Records provided
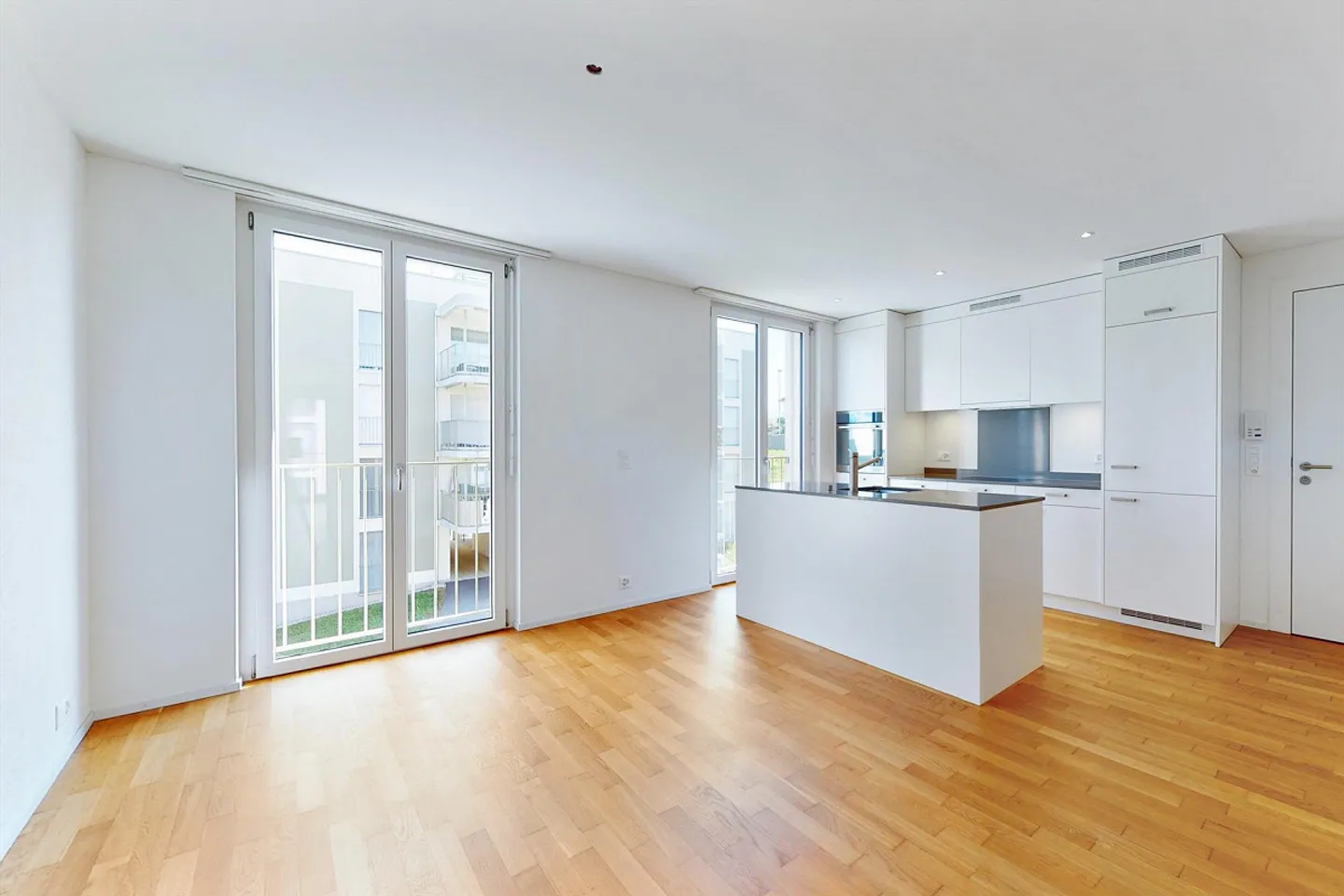 Moderne 3.5 Zimmer-Wohnung - Foto 3 von 8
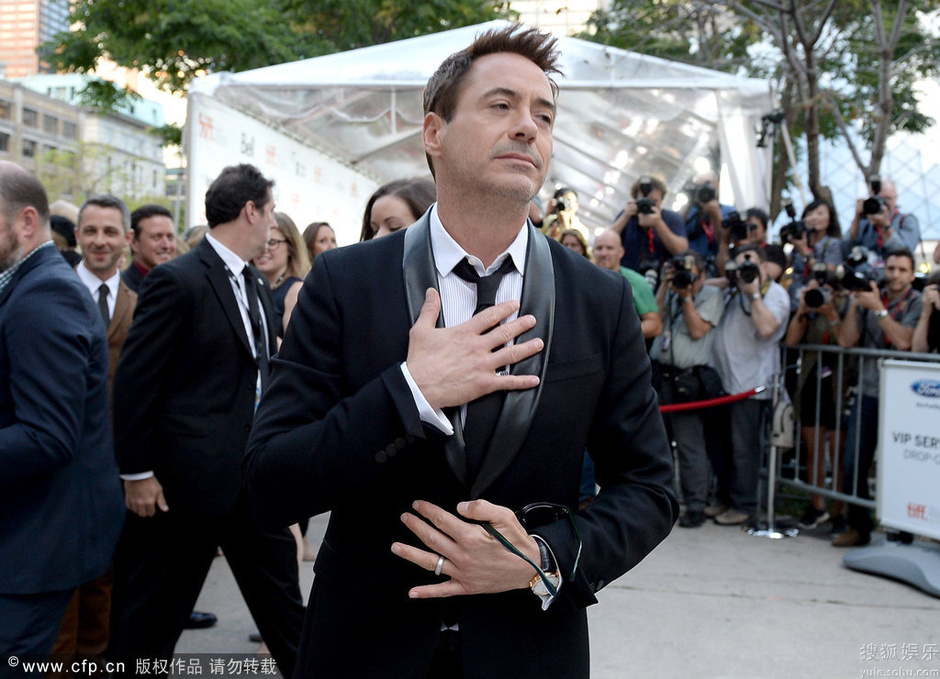 《法官老爹》多伦多首映 小罗伯特-唐尼亮相7098451-娱乐频道图片库-大视野-搜狐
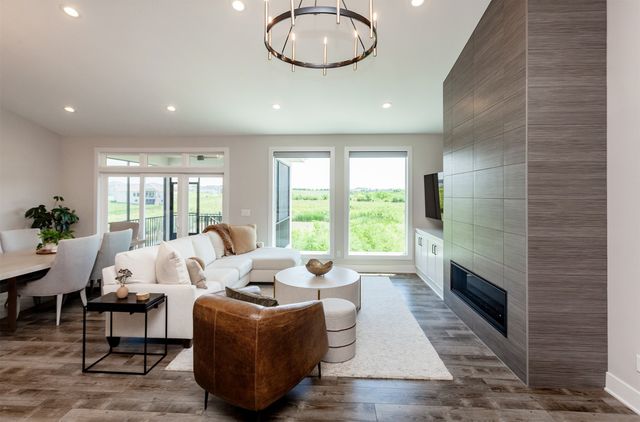 16320 Northpark Drive, Urbandale, IA 50323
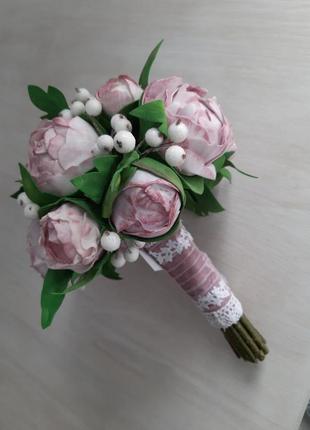 Букет невесты . букет-дублер. розовые пионы с ягодами.3 фото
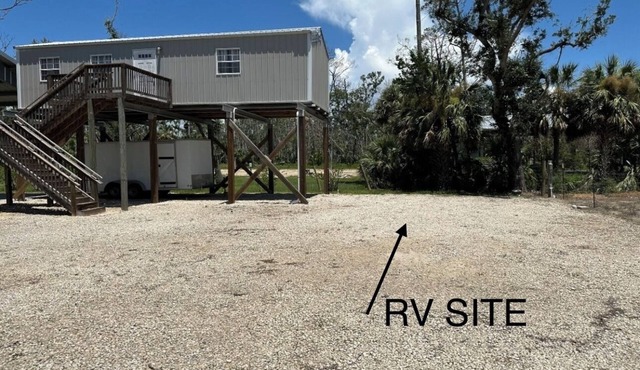 RV Campsite 50 amp full hook up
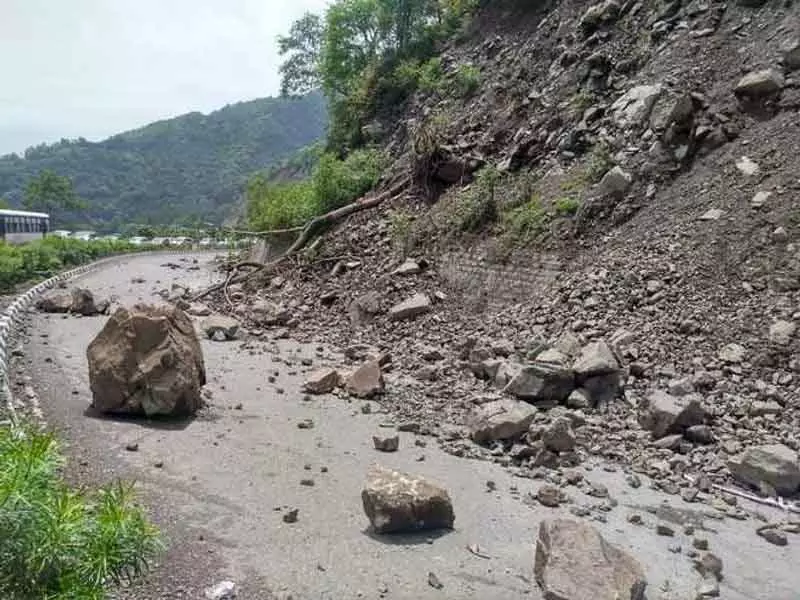 क्षतिग्रस्त राजमार्ग,Traffic Jam के कारण समय पर अस्पताल नहीं पहुंच पाने के कारण व्यक्ति ने खोई मां क्षतिग्रस्त राजमार्ग,Traffic Jam के कारण समय पर अस्पताल नहीं पहुंच पाने के कारण व्यक्ति ने खोई मां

What you should do
Every line from the one with "Букет невесты ." through the end of the material above should be restated word for word, with the pictures left out.

Response below
 Букет невесты . букет-дублер. розовые пионы с ягодами.3 фото
 RV Campsite 50 amp full hook up
 क्षतिग्रस्त राजमार्ग,Traffic Jam के कारण समय पर अस्पताल नहीं पहुंच पाने के कारण व्यक्ति ने खोई मां क्षतिग्रस्त राजमार्ग,Traffic Jam के कारण समय पर अस्पताल नहीं पहुंच पाने के कारण व्यक्ति ने खोई मां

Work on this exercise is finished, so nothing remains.